Indeed, its architecture takes pieces from from every conceivable influence and jams them all together to produce the most haphazard and bizarre series of buildings and statues of any modern capital of my experience. It’s a testament to the shrugging, get on with it nature of Slovenians that they get away with it, that it’s somehow, incredibly, actually nice to look at. It’s as though infants at the locals play school have thrown their variously garish lumps of plasticine into the communal pot at the end of the day and somehow accidentally created a new colour that doesn’t make them all hurl into their lunchboxes the next morning.

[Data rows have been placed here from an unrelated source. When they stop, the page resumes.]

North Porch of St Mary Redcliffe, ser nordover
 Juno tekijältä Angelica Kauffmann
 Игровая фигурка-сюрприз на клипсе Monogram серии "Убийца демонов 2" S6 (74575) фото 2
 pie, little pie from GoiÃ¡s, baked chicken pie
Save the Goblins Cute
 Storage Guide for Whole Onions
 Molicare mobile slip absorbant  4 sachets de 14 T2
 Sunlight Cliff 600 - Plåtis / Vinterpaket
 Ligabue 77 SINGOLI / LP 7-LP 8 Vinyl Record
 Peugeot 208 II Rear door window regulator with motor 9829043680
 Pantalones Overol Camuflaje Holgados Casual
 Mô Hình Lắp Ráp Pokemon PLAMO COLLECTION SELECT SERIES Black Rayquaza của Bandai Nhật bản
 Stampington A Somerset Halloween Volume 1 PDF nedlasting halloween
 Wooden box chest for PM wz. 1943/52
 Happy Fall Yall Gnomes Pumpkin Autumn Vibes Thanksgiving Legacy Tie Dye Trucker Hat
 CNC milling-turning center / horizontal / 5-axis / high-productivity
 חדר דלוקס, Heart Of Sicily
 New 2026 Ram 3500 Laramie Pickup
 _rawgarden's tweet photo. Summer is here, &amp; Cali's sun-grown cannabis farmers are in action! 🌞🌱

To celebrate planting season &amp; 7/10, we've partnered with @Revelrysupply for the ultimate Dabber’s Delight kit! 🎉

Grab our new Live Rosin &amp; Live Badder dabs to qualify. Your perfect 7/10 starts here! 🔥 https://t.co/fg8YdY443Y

A very distinct character trait of the locals is that they don’t half love their dogs; every imaginable type of hound can be seen being walked by a similarly assorted mix of folk. And these dogs are very clearly loved – clean, well-behaved, calm, friendly to passers-by, safe around children, a real credit to the people of the city and a pleasure to see.

The only police we saw the entire weekend were doing some sort of community outreach at the gigantic Tivoli Park that dominates the west of the city. There was a mini-marathon of some sort taking place among the park’s many giant jackdaws, and on what happened to be the weekend immediately after the Boston marathon bombings the most animated copper in Ljubljana was training his canine unit – a Jack Russell – to fail to retrieve a ball in front of amused onlookers. It’s hard to imagine a city that feels safer, though a fair smattering of left-wing graffiti around Ljubljana hints at a hidden underbelly. The local anarchists would almost certainly still help granny with her shopping though, it’s just that kind of place.

 

 

(Incidentally, the international news that weekend was dominated by the hunt for the alleged second bomber in Boston. At one point I made what must rate as one of the finest ever puns regarding ‘Suspect Number Two’ and my previously mentioned associate’s back passage, but it fell on deaf ears. Not once but twice. I blame that fool MacIntyre, you just can’t get the crowds these days.)

To round off the picture of Ljubljana as strange yet excellent, elsewhere we found: a tree shedding black leaves shaped like boomerangs; a bridge called ‘Dragon Bridge’ with sculpted dragons at each end for no discernible reason; a family of what seemed to be thieves helpfully wearing giant fake noses and clowning about to pre-warn any victims to hold onto their gear; and by far the most execrable ice cream I have ever tasted, which brought to mind Garth’s ‘Praline and dick’ line from Wayne’s World.

Ljubljana is odd, peaceful, safe and, like the sister of the bride, pretty in her own way. Few people have heard of it, so it’s still fairly cheap in comparison with standard central European destinations such as Budapest and Prague. Best of all, it’s the perfect place for four friends who should accept the inevitable to attempt to get drunk three days in a row and get up on the fourth without begging for death.